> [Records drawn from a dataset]
□ □ □ □
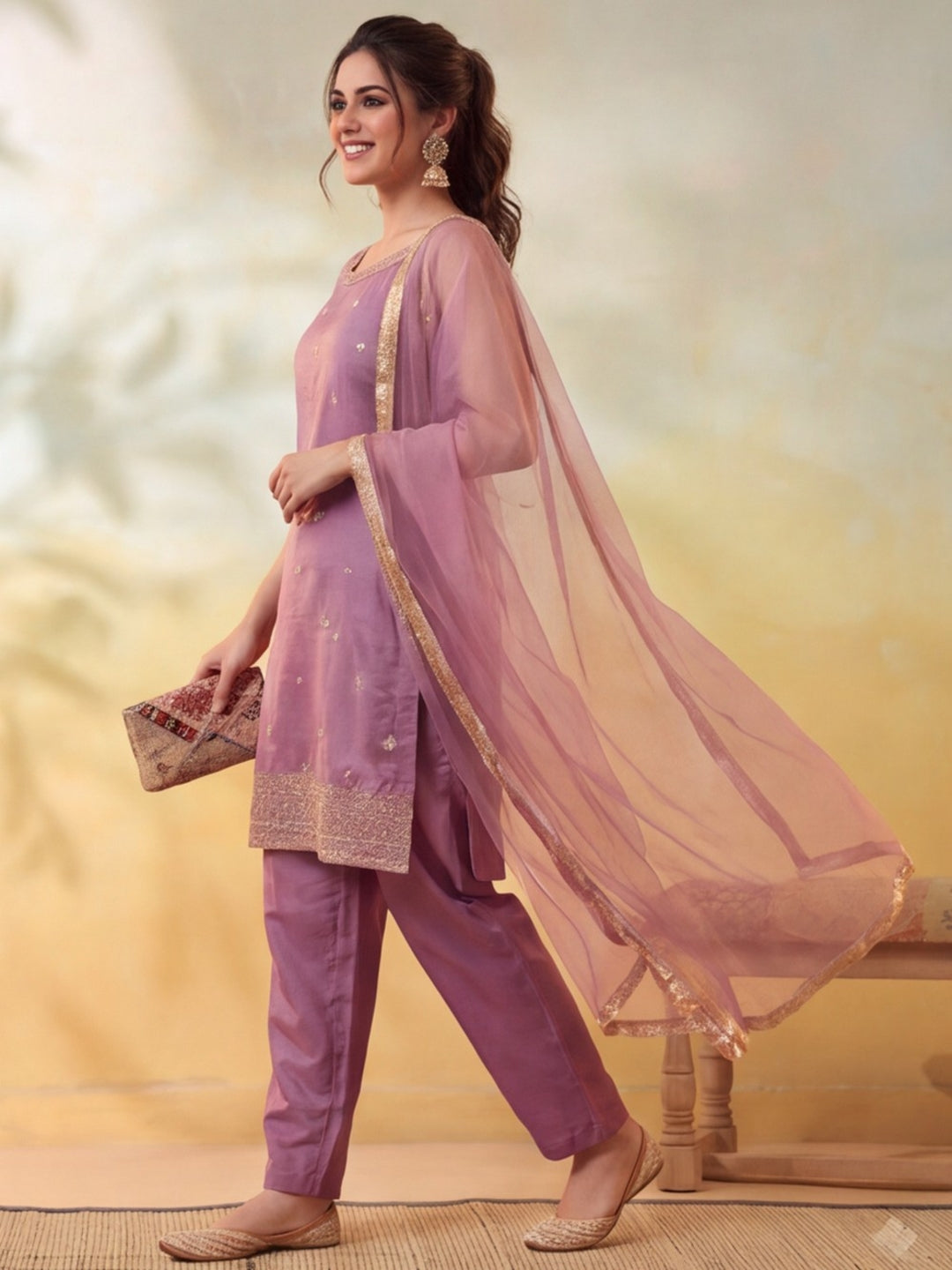 Women Embroidery Orchid Pink Kurta Set with Dupatta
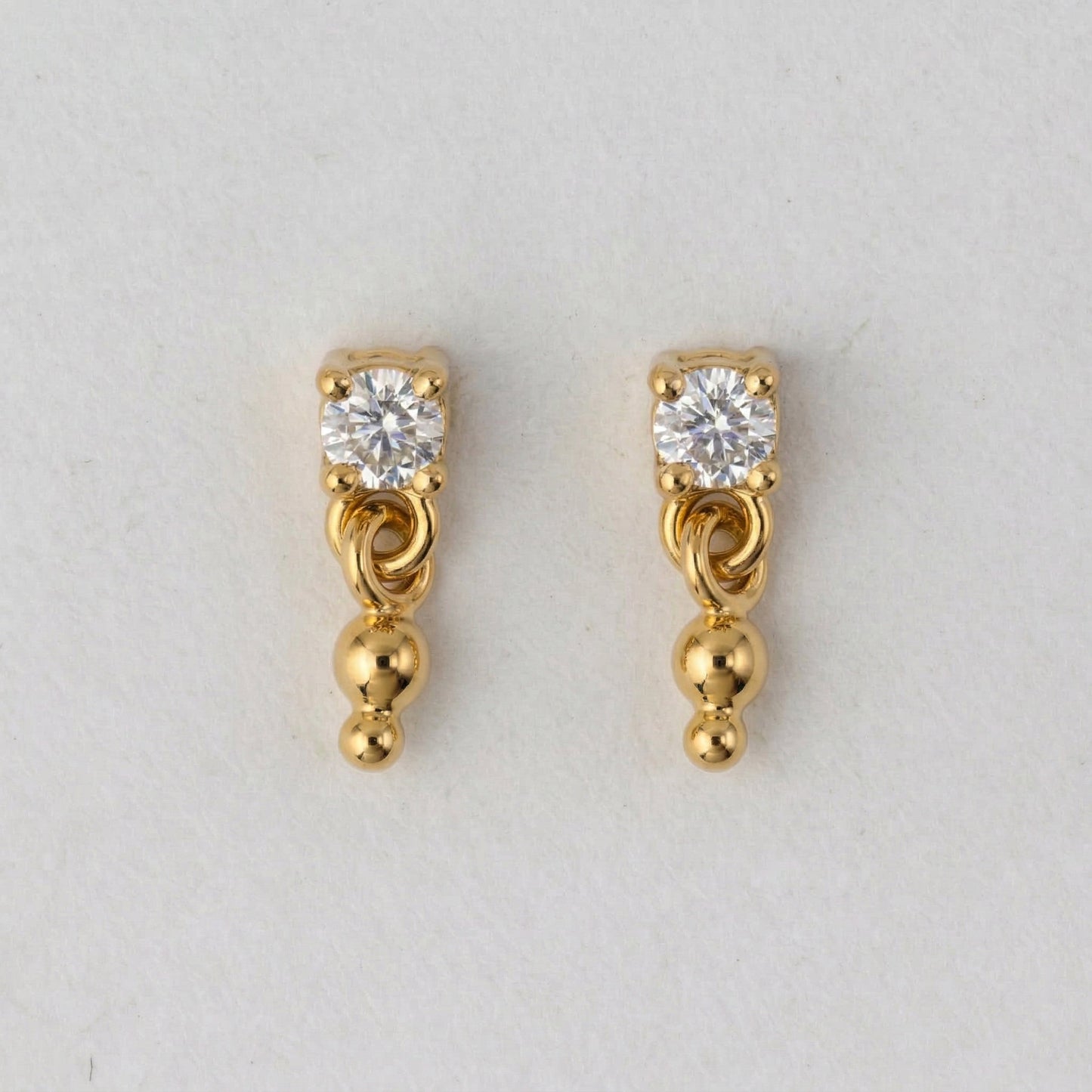 Silver Crystal Ball Drop Stud Earrings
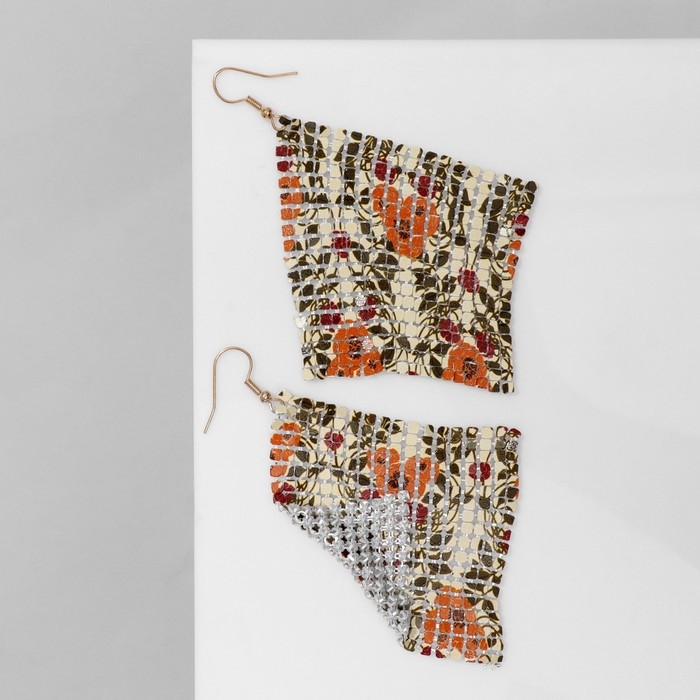 Серьги висячие «Ромб» кольчуга, цветочная поляна, цветные, 9 см Серьги висячие «Ромб» кольчуга, цветочная поляна, цветные, 9 см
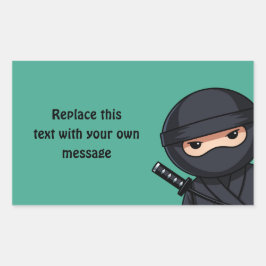 Adesivo Retangular Ninja Espiando no Verde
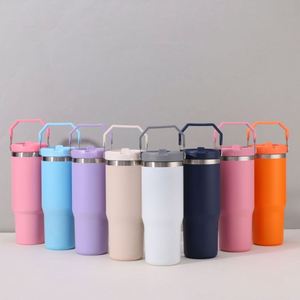 Gobelet isotherme en acier inoxydable noir mat avec poignée portable et couvercle rabattable 890 ml, tasse de voyage thermique, impression personnalisée disponible - Product Image 1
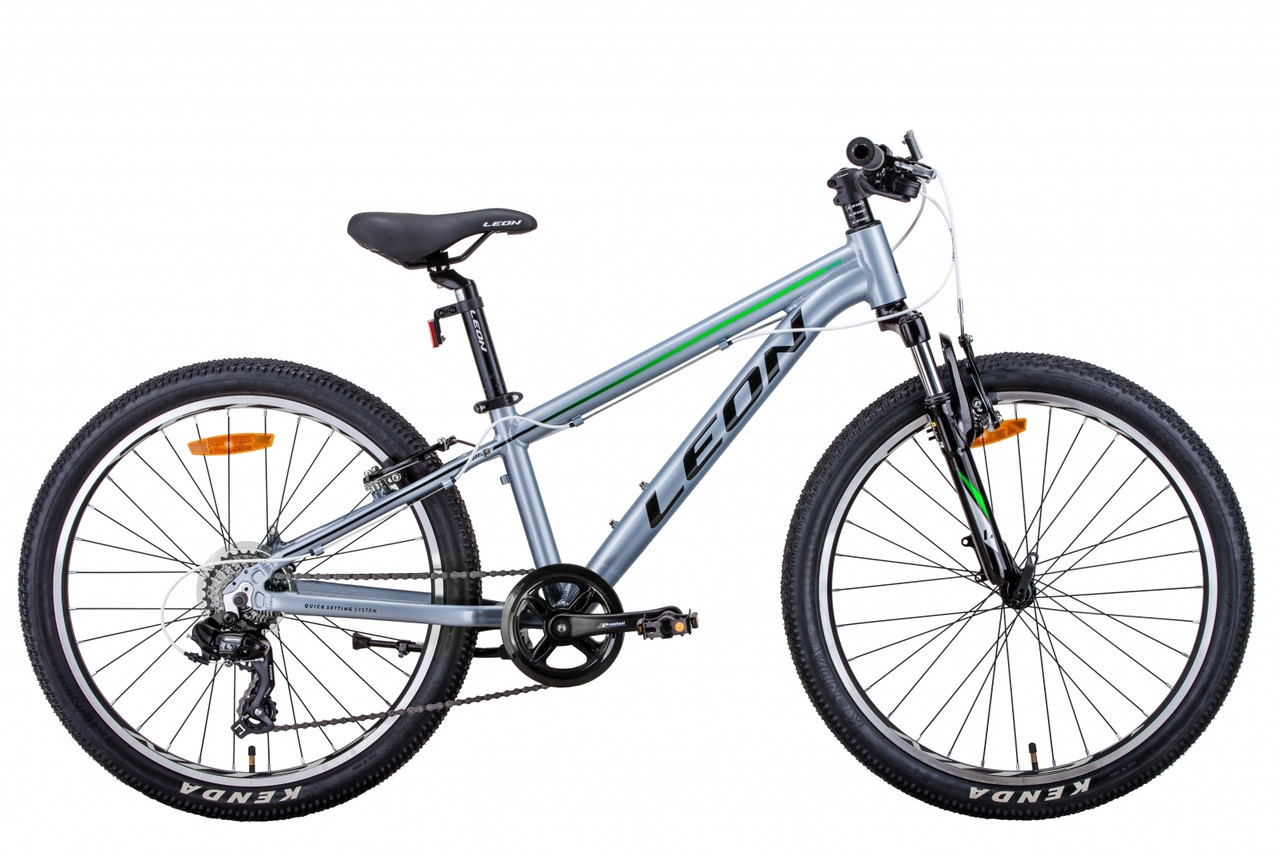 Велосипед 24" Leon JUNIOR AM 2021 (серебристо-черный с зеленым) OPS-LN-24-065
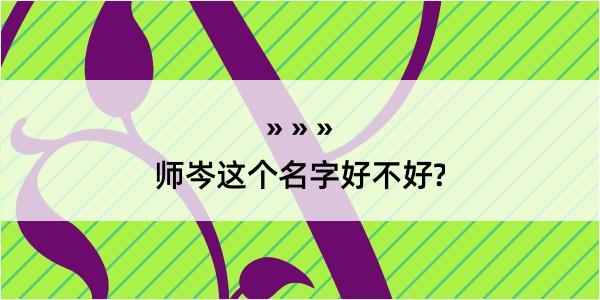 师岑这个名字好不好?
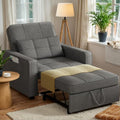 JUMMICO Sleeper Chair, 3-in-1 Convertible Sleeper Sofa Bed for Adults, Linen Fabric Pull Out Chair Bed with Adjustable Backrest, for Living Room, Apartment, Office, Small Space (Beige)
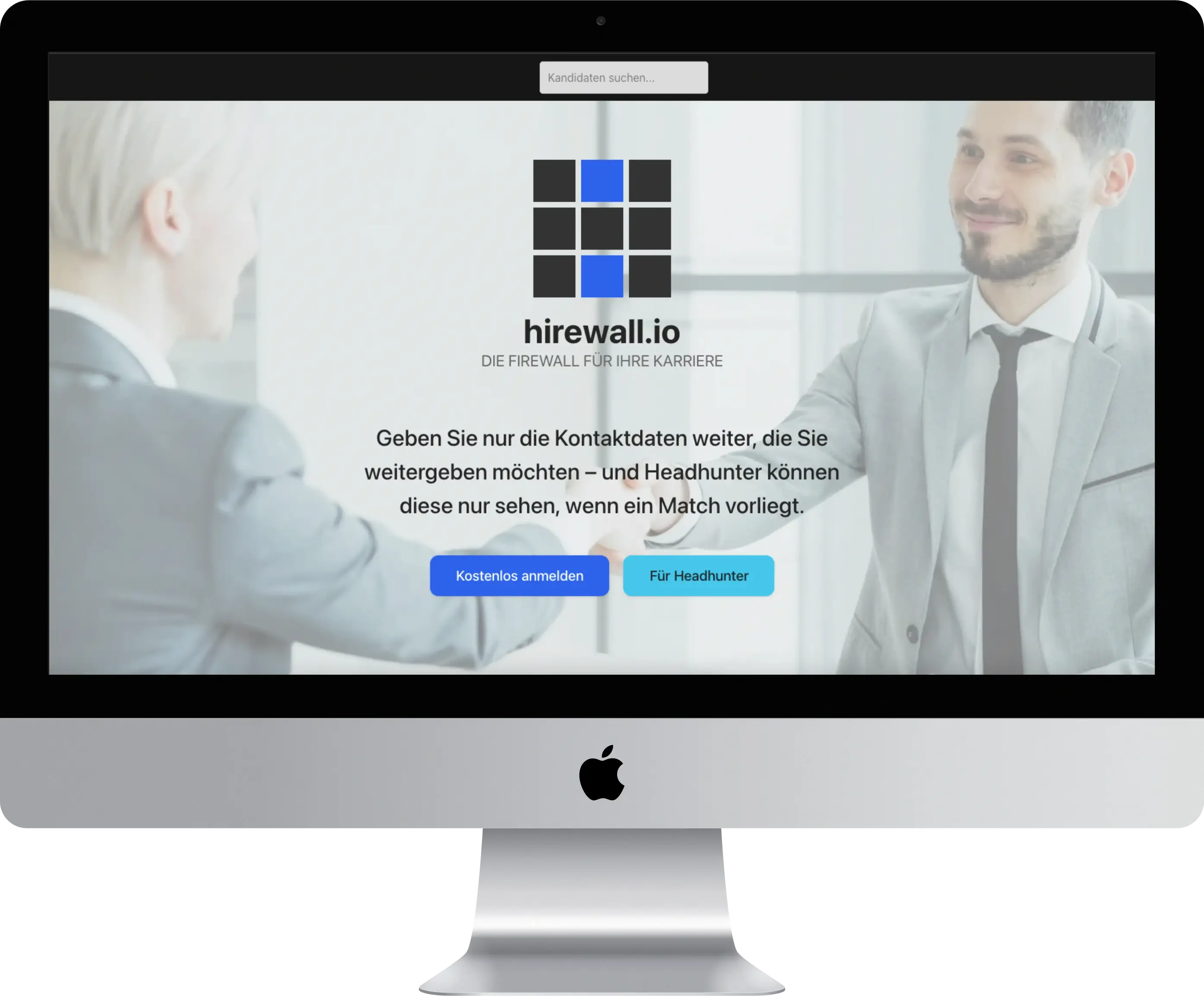 Desktop view of homepage (Mac Monitor)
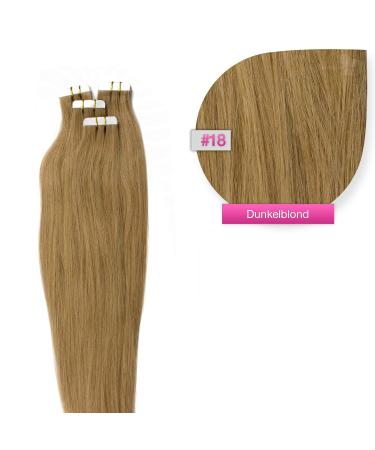 60cm Tape In Hair Extensions - Real Hair Color #18 Dark Blonde 10 Wefts Adhesive Tape International Shipping - Buy Online on GoSupps.com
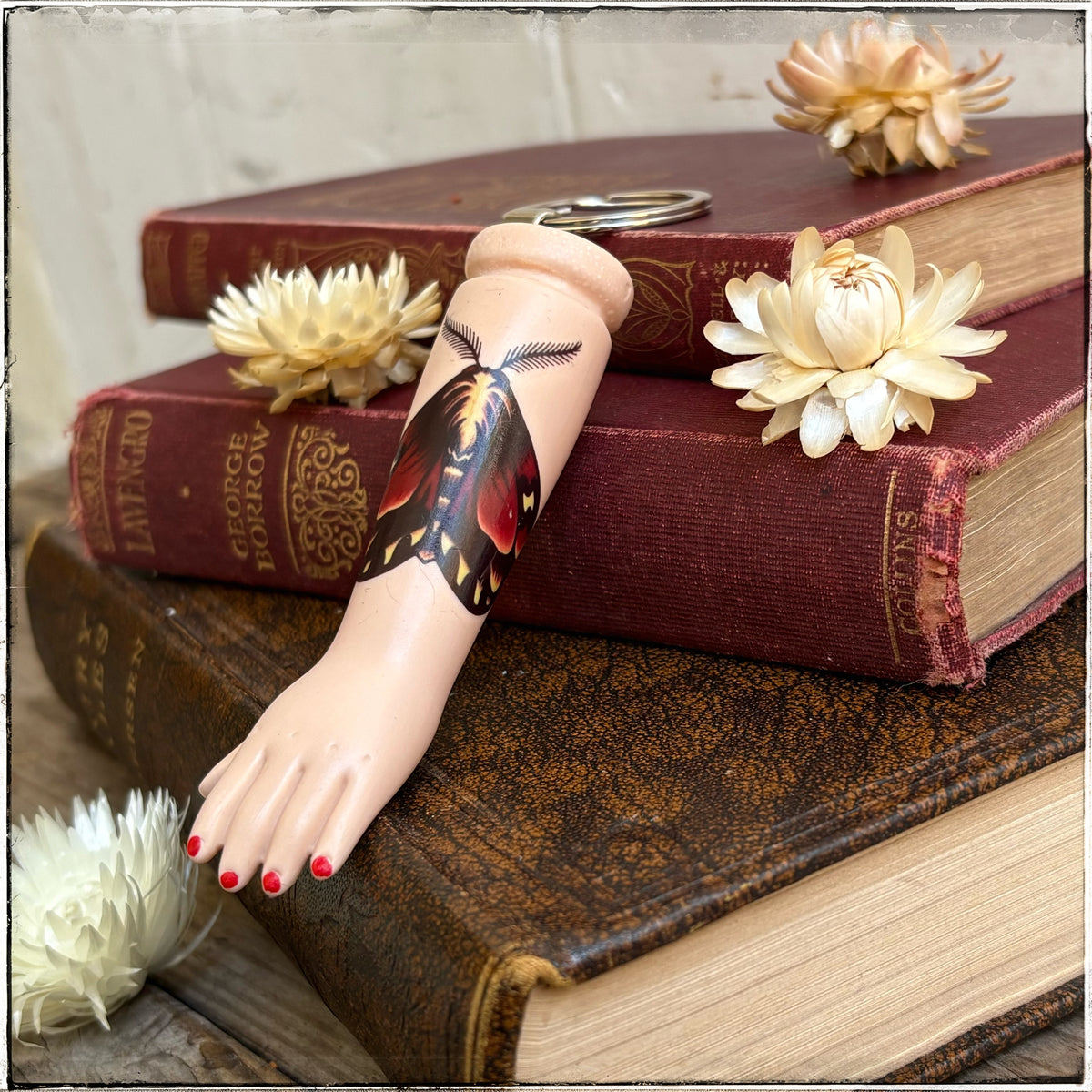 Porcelain Doll Arm Key Ring - Autumn Moth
□ □ □ □
> [What needs to be done] Every line above should be printed again word for word, without its pictures.

> [Result for this exercise]
 Women Embroidery Orchid Pink Kurta Set with Dupatta
 Silver Crystal Ball Drop Stud Earrings
 Серьги висячие «Ромб» кольчуга, цветочная поляна, цветные, 9 см Серьги висячие «Ромб» кольчуга, цветочная поляна, цветные, 9 см
 Adesivo Retangular Ninja Espiando no Verde
 Gobelet isotherme en acier inoxydable noir mat avec poignée portable et couvercle rabattable 890 ml, tasse de voyage thermique, impression personnalisée disponible - Product Image 1
 Велосипед 24" Leon JUNIOR AM 2021 (серебристо-черный с зеленым) OPS-LN-24-065
 师岑这个名字好不好?
 JUMMICO Sleeper Chair, 3-in-1 Convertible Sleeper Sofa Bed for Adults, Linen Fabric Pull Out Chair Bed with Adjustable Backrest, for Living Room, Apartment, Office, Small Space (Beige)
 Desktop view of homepage (Mac Monitor)
 60cm Tape In Hair Extensions - Real Hair Color #18 Dark Blonde 10 Wefts Adhesive Tape International Shipping - Buy Online on GoSupps.com
 Porcelain Doll Arm Key Ring - Autumn Moth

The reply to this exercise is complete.